Records shown -

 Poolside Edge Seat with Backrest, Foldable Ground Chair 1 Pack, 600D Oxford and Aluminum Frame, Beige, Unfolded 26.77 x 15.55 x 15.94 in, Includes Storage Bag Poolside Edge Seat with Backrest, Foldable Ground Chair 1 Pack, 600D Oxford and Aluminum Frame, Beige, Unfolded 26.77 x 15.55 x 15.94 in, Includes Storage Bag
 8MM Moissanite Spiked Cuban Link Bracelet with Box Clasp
--
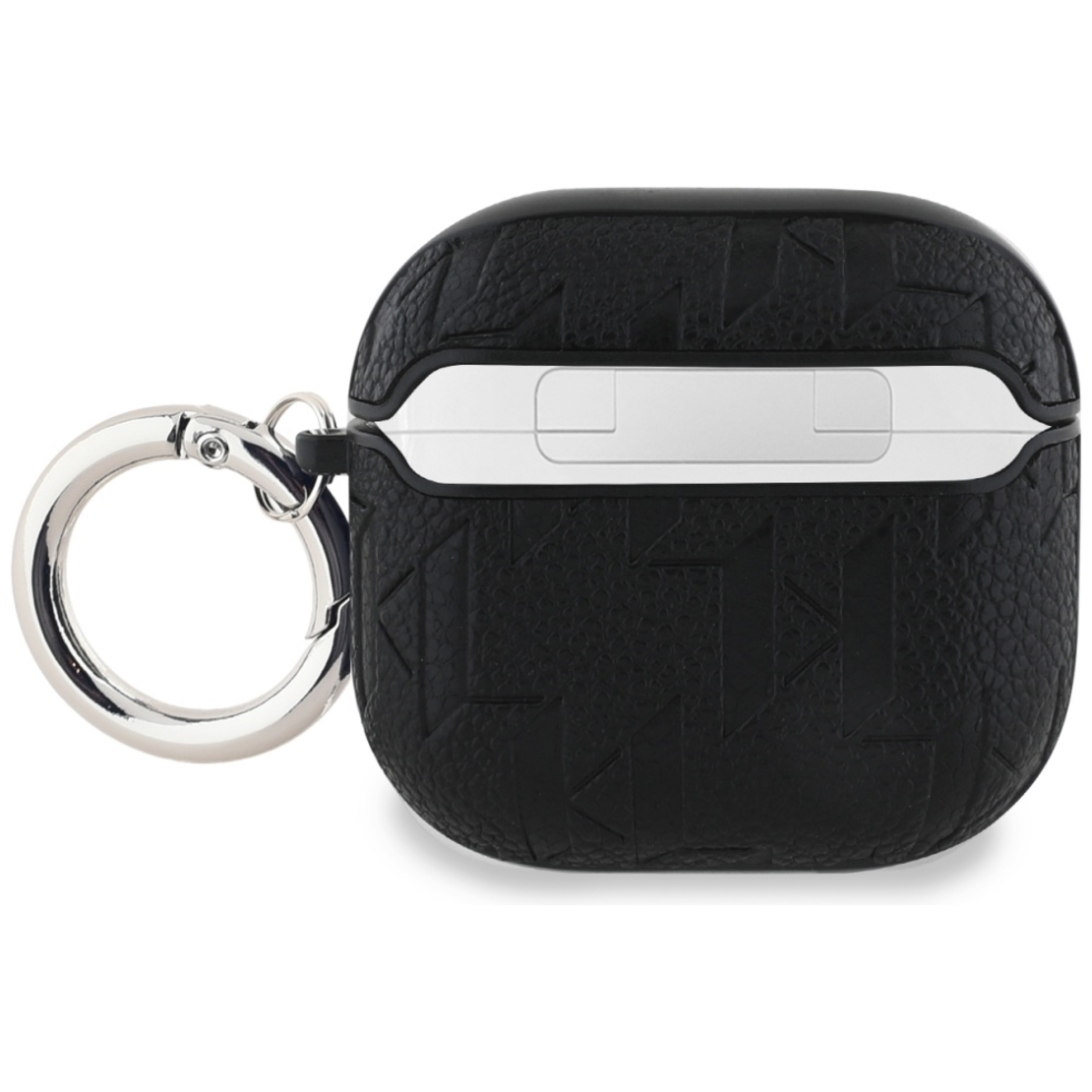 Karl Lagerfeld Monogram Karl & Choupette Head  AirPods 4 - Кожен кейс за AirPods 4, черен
--
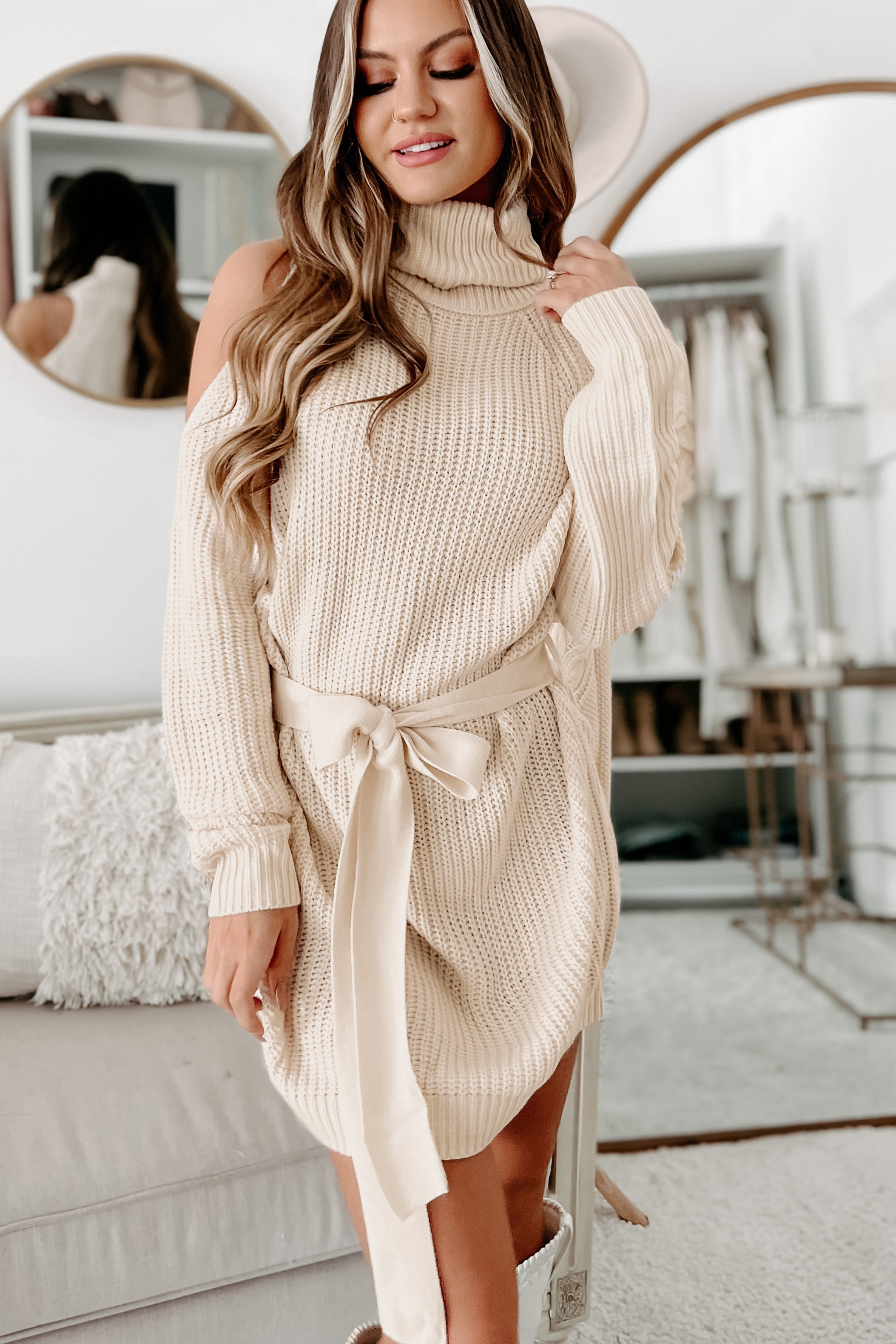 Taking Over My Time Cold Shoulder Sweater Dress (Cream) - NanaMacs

What this task involves -
Your task is to restate, word for word, only those lines above that fall between the line holding "Storage Bag Poolside" and the line holding "8MM Moissanite Spiked", inclusive.

Answer section -
 Poolside Edge Seat with Backrest, Foldable Ground Chair 1 Pack, 600D Oxford and Aluminum Frame, Beige, Unfolded 26.77 x 15.55 x 15.94 in, Includes Storage Bag Poolside Edge Seat with Backrest, Foldable Ground Chair 1 Pack, 600D Oxford and Aluminum Frame, Beige, Unfolded 26.77 x 15.55 x 15.94 in, Includes Storage Bag
 8MM Moissanite Spiked Cuban Link Bracelet with Box Clasp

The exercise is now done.